No reason at all, unless maybe you are a Chinese angkong from nearby Malaysia, looking for cheap deals on pearls and gold.
Maybe you like being neither here nor there.
In that case Hat Yai is perfect because it feels like a city in transition, I would even say it is liminal- a place that is both old and new.
Hat Yai is just a quiet border town, sandwiched between the beautiful beaches of Krabi and the infinitely more pristine Langkawi or Penang. We were only supposed to stop in Hat Yai for a few hours or a night at most, if we can help it. We wanted to ride the overnight train to Kuala Lumpur- a slow and expensive affair, but I love trains and Alex loves me, and since love makes you do crazy things, we’d happily be sloth- stuck in this situation together.

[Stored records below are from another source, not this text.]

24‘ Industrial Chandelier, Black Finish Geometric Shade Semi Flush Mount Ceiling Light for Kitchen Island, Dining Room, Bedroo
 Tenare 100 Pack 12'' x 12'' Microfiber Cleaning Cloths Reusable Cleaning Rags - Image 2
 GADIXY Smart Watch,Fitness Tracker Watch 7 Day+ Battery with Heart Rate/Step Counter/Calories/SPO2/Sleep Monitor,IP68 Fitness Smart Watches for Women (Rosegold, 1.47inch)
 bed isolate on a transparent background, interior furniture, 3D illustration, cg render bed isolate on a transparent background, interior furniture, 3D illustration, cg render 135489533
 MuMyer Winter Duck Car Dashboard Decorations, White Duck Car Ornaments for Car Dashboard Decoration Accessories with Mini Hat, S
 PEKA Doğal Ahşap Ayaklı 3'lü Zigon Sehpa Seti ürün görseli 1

“There’s always a way if you’re not in a hurry.”
― Paul Theroux, The Last Train to Zona Verde: My Ultimate African Safari
Imagine that you have a teleporter machine. It is a very simple piece of technology. Basically, the way it works is it eliminates the empty space between molecules. The idea from this invention is from a quote that claimed, “if you were to condense the size of the universe, it will only be about the size of an apple.” So you can displace yourself from your home in Montreal, and *poof* be in Angkor Wat with a single stride.
You would not have traffic, and very little carbon emissions. Then again, you also give up on those pensive bus rides. As well as places like Hat Yai.
Hat Yai is dusty. It is hot and humid. It doesn’t have the chaos of Bangkok or the excitement of the beer soaked Koh Phi Phi. Hawker stands were a rare sight. Fanny-packed farangs were far and few in between.
Hat Yai is the Thailand that most people wouldn’t know. It is her quiet beauty, after she has washed her face, free of lipstick.